12°g.    23/2 Tikal - Yaxha – Flores  
Con circa un’ora e mezza di guida, di cui gli ultimi 13 km su strada sterrata, si giunge al sito maya di Yaxha, scoperto nel 1904 dall’archeologo Teoberte Maler. E’ un sito vasto che si estende per vari km quadrati, il terzo più importante del Paese dopo Tikal ed El Mirador, con più di 500 strutture identificate dagli archeologi tra cui molti templi, piramidi, acropoli e un complesso di piramidi gemelle, simili a quelle che si trovano solo a Tikal. Nel pomeriggio trasferimento a Flores (1 ora), dove si pernotta presso l’hotel Isla de Flores. Il nucleo antico della cittadina di Flores si trova su un'isola nel bel lago di Peten Itza, da cui si gode del meraviglioso paesaggio del tramonto.

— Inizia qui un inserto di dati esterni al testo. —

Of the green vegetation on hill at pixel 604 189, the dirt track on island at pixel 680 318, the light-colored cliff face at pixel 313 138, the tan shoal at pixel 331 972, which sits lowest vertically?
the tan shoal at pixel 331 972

13°g.    24/2 Flores – Città del Guatemala e volo di rientro  
Trasferimento all’aeroporto di Flores (10 min); ci si imbarca sul volo della TAG (Transportes Aereos Guatemaltecos) in partenza alle 8.00 per Città del Guatemala, dove si arriva dopo circa 45 minuti (orario da confermare); il bagaglio consentito sul volo è di 20 libbre (circa 10 kg) – vedi in merito la nota tecnica del 22/2. Visita della città di Guatemala e della mappa gigante del Paese in rilievo, nella zona nord della capitale: questo modello, realizzato all'inizio del XX secolo da geografi guatemaltechi che hanno attraversato il paese a cavallo per raccogliere i dettagli, è un'opera d'arte unica. Posizionata all'aperto ha uno sviluppo di 1800 metri quadrati, e offre uno scorcio sorprendente della topografia del paese. Trasferimento all’aeroporto internazionale di Città del Guatemala dove il volo della KLM parte alle 13.58 con arrivo a Panama alle 17.22; si parte da qui per Amsterdam alle 18.55. Se fosse necessario stare a città del Guatemala una notte, si alloggia preso l’hotel Stofella il cui costo non è però incluso nel prezzo del viaggio.

14°g.    Sabato 25 febbraio, arrivo a destinazione  
Arrivo ad Amsterdam alle 11.00; il volo per Milano Linate è alle 12.15 con arrivo alle 13.50 e per Roma Fiumicino alle 12.20 con arrivo alle 14.30 – per gli orari delle altre connessioni contattare Amitaba.